Offdays are boring, but so are the days after the offdays, since there's so rarely anything to write about. This isn't exactly different. I watched Roy Halladay pitch last night, and he looked quite a bit better than he has, but I wouldn't exactly say that he's back to normal. It was still nice to see the Phillies lose in hilarious fashion though, thanks to Jonathan Papelbon's inability to get a rookie out.
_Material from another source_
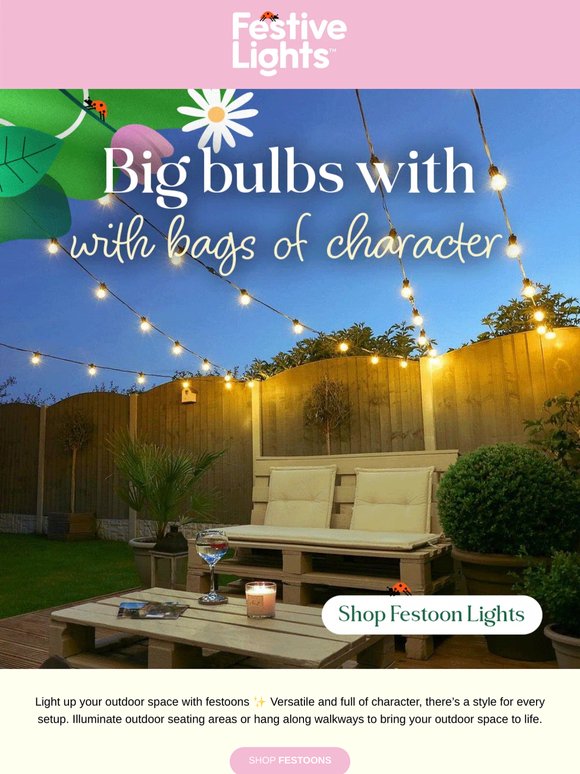 Your garden is missing this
It was also neat to see the "best team in baseball" lose to the Rangers by 11 runs. O's fans are completely insane if they think that this kind of run is sustainable. It's alright to be optimistic, but thinking that the O's are going to survive in the AL East is just insanity, as is being certain that a bad team who wins 20 of their first 30 or whatever is just bound for success. I wouldn't call that linked '09 Jays team bad, per se, considering the 84 win Pythagorean record, it's just that the Yankees won 103 games that year. Such is life in the AL East. I'm not saying that the first 28 games of the season meant nothing because they got whooped in the 29th either here, I'm just kind of looking at the bigger picture. Of course, anybody that reads this probably doesn't need to be told that, since only people who cheer for Baltimore actually believe in Baltimore, and even then it's tough to be sure.
Anyway, before I start rambling, Cole Hamels got suspended for intentionally throwing at Bryce Harper, which will probably just delay his next start a day or two. Still, without Cliff Lee (and with Roy Halladay pitching like not Roy Halladay), losing Hamels for a start seems bad for business.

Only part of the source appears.